Or maybe it did happen and you missed it because you were playing with your magnets?

Amahala on A + B (this is long, but it’s worth reading):

If you say A + B in mathematics you are going to have B + A. For example, if I say two plus three it will give five. If I start from three, I say three plus two it also give you five showing that two plus three and three plus two are commutative because they gave the same results. That shows that A + B will give you B + A, you see that there is a change. In A + B, A started the journey while in B + A, B started the journey. If we use A as a man and use B as a woman we are going to have B + A that is woman and man showing that there is a reaction. A + B reacted, they interchanged and gave us B + A showing that commutativity obeys that a man should not marry a man and a woman should not marry a woman. If you use idempotency, it’s a reaction in mathematics where A + A = A. Actually in abstract algebra, A + A =2A but we are less concerned with the numerical value two. We are more less concerned with the symbols A, you find out that A + A will give you A showing that the whole thing goes unchanged. It didn’t change unlike commutativity A + B give B + A there is a change. A started the journey in commutativity and A + B gave us B + A and B started the journey after the equality sign. But in the case of idempotency A + A will give you A showing that it goes unreacted. You started with A and you meet A, the final result is A. Showing that a man meeting a man A + A will produce a man there is no reaction, it goes unreacted and in chemical engineering you have to send the material back to the reactor for the action to be carried out again showing that it goes unreacted. That is how mathematics has shown that gay marriage is wrong because commutativity proves that gay marriage is wrong.
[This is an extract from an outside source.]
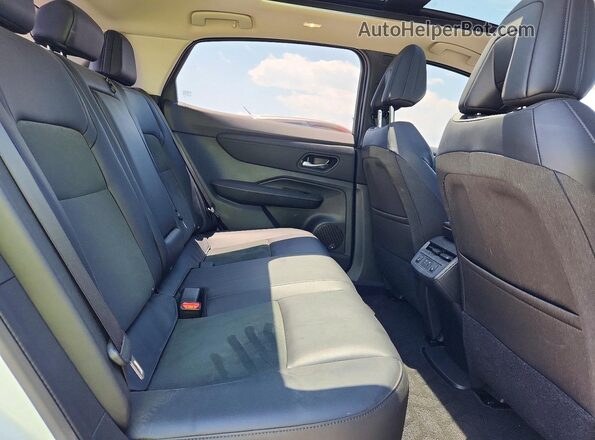 JN1BF0BAXRM436733 2024 NISSAN ARIYA White Vista interior trasera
I trust that you found that as easy to follow as I did.

I particularly like the ironic use of the word “equality” about two thirds of the way through and the hint that gay men should be sent back to a reactor. If – and I doubt this was the case, but – if you were unconvinced before that every single branch of (Nigerian) science hates the idea of same-sex marriage, this streak of mathematical genius will surely have turned you around.

So if today is spent at a Nigerian School of Post Graduate Studies, what does tomorrow bring for Amahala?
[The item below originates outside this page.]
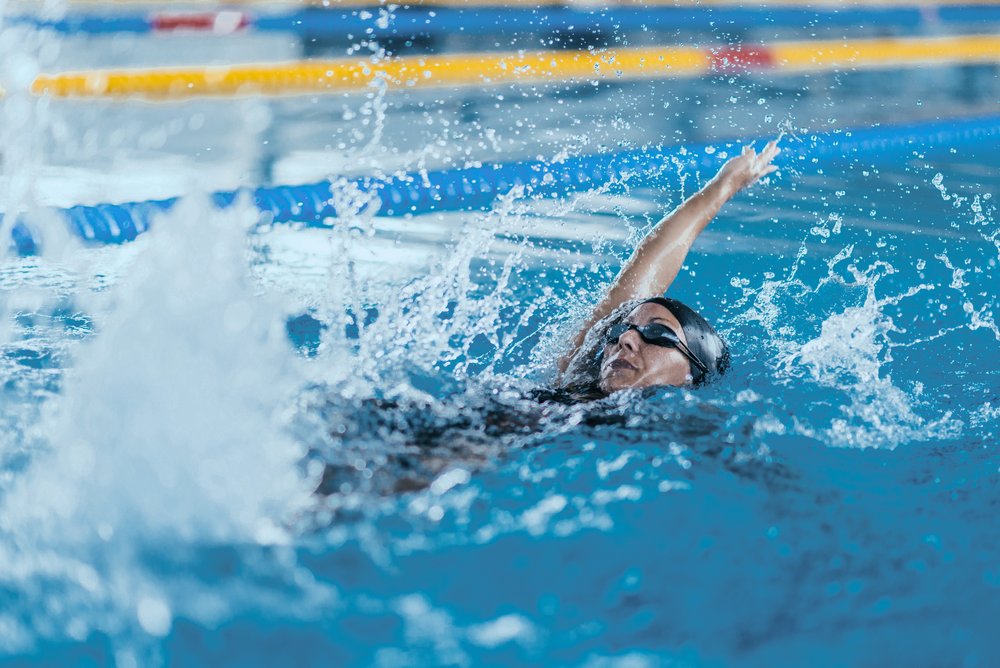 Frau beim Rückenschwimmen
I want to be able to publish it in international journals. The finance has been a problem in this area because I found out that you you have to pay in dollars for international journals to publish you. You know finance is a factor and I don’t have money to start paying in US dollars and I need sponsors so that I can pay for the journals to be published.

Somehow, I don’t think the finance side is going to be your biggest stumbling block in this particular endeavour, sunshine.
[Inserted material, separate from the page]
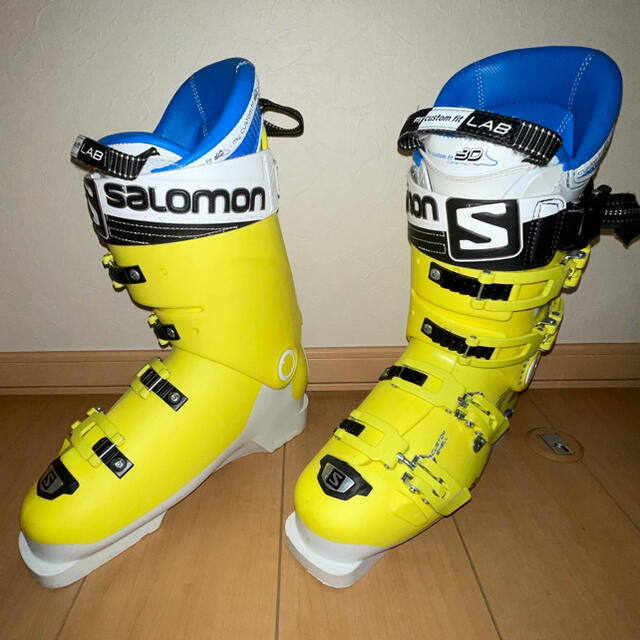 SALOMON(サロモン)の「カズカズ様　専用」サロモン スキーブーツ　XMAX130 26.5  スポーツ/アウトドアのスキー(ブーツ)の商品写真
All in all, I feel dirty. I feel wronged. I feel that something I hold dear to me (science) has been bastardised and sullied by an idiot who doesn’t know what he’s talking about. It’s like when Lewis Pugh starts spouting nonsense about fracking, but with more lab work.

Of course, this isn’t really science. Well, sticking two magnets together or performing neutralisation reactions, actually, that is science. However, then applying your results of those simple experiments to same sex marriage goes a little beyond the recognised scientific method. It’s like saying that oil and water don’t mix, and then claiming that it inconclusively proves that you should never buy a French hatchback.

No. This isn’t science. This is pure bigotry.